Four Important Questions to Ask Yourself (A WDS Reflection) | Live All of You

  • Posted on July 16, 2014 at 7:20 pm

Four Important Questions to Ask Yourself (A WDS Reflection) | Live All of You.

 

This actually is a very good article. I like the way it’s paced, and I also like the questions it makes us ask ourselves. Part of what it goes into is that Blogs are read to get to know the blogger. So, of course, I’ve taken that under consideration.

Another thing that definately makes it interesting, is the idea of a statement explaining your world view. I have thought about it, and I realised that my worldview is quite simple.

Everyone should have the right to define themselves.

I think it’s nice. Please, reply in the comments with your world view!

Finding Your Niche in 3 Easy Steps

  • Posted on July 15, 2014 at 10:45 pm

For some of us, the word Niche ends up being a scary sort of thing. Something to fear and worry over. It becomes something akin to the word ‘cage’ or ‘trap’. We feel as though it is meant to hem in what we want to accomplish with the world. It isn’t something that comes easy or is to be taken lightly, and that, in and of itself, brings about a form of terror.
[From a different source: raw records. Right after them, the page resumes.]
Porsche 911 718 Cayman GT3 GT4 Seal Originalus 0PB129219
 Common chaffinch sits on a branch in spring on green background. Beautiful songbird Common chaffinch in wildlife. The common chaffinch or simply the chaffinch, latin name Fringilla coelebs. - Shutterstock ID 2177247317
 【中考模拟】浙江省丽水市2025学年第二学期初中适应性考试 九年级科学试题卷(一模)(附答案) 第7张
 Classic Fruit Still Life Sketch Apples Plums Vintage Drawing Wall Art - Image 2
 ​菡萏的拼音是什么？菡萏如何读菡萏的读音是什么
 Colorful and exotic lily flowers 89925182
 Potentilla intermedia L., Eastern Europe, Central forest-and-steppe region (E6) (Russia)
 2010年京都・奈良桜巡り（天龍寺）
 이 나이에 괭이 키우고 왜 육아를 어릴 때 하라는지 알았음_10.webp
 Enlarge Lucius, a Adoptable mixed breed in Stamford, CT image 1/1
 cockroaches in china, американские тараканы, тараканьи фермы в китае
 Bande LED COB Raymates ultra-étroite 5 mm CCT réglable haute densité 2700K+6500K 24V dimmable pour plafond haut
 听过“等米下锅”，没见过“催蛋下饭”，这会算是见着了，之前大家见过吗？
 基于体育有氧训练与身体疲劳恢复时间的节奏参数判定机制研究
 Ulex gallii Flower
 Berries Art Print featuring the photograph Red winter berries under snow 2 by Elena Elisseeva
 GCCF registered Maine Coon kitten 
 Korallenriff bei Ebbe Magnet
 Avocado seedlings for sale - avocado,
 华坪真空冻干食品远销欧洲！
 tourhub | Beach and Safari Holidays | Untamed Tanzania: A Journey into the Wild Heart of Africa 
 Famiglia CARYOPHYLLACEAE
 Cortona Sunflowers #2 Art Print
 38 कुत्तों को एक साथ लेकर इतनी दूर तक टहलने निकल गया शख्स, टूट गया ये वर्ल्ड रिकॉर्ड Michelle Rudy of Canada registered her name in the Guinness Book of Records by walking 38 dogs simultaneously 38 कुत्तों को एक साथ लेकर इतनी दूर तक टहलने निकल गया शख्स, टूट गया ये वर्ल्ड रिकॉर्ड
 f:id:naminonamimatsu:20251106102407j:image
Niche writing tends to end up very personal, and some don’t wish to be subjected to the backlash that writing a blog on ‘personal care after BDSM‘ or ‘how to trim your pubic hairs‘, but that is what they know, and love.
When it came to my attention that perhaps finding that one little niche market that meant something to me would be a good idea, I legitimately had a panic attack for several days. I didn’t want to be hemmed into something that didn’t fit. But how could I find something that did? What if it was too much for my readers to ever want to read? What if what I liked was something too obscure, and no one would want to read it?
So, I sat down, in front of my Zenwriter, and thought to myself, what are some steps I can take to make this less terrifying. What are some things I can ask myself about writing in a niche, to find out what exactly my niche was. Now, I already had a niggling thought in the back of my head of what that might be, but I didn’t necessarily want to force myself into it.
The first question in my list was: What do I want to share with the world?
This was easy. I want to share fantasy with everyone. I want to share it in a way that makes everyone feel included. Women, men, transgender, genderqueer, gay, straight, bisexual, asexual, aromantic, everyone, everywhere should be able to read a fantasy book and think, “oh wow, I wish that I could experience that.”
The second question was: Okay, but what do you want to share with the world ON YOUR BLOG?
This wasn’t so easy. In fact, it’s what caused the several day panic attack. I want to share myself with the world. I want to let everyone know who I am and where I come from and why I’m the way I am. But I also want to share with the world the things that are wrong, and the things that are right and the things that are beautiful. I want to teach the world to accept not only itself but everyone else, and to see that we are all the same in that we dream beautiful dreams.
That lead to the question: But how can I share this with the world?
A friend of mine, Chris Votey, brought up the idea of interviews with other LGBTQA writers, Reviews of other writer’s work, and offering myself as a representative of Asexual culture. Which, honestly, I wouldn’t find too bad. It would take a lot of time, and energy however. But, I find the more I think about it, the less I mind. Because really, isn’t it about what I give, not what it takes from me? Then, I thought about what else I could do to share my dream of representation with the world.
Resources. I could provide resources for things that most people don’t think of. I could try to provide a unique look into certain subcultures. I could write about the things that interest me, and hopefully, provide enough information that others would like it. But that won’t get me any closer to being like those I admire. That won’t bring me the same sort of love that Misha Collins, Andrew Hussie, or Neil Gaiman have. That won’t help others to see my words.
Then, I thought that perhaps I could start with lists. With things that I find out, over the course of my journey to become a full-fledged author. Such as this list that you’re reading right now. That definitely helped to ease my panic a little. Because lists, lists are small, and easy, and quickly done, so I can definitely work with them. Another thing I could have tried is perhaps snippets of information found throughout the internet. Or perhaps little anecdotes from my life that help me to focus on what it is I am working on.
But that’s all very abstract and not very well thought out. So, I rewrote it.

 

1) What is it that I want to share with the world?
– Representation for all, and fantasy that everyone can enjoy.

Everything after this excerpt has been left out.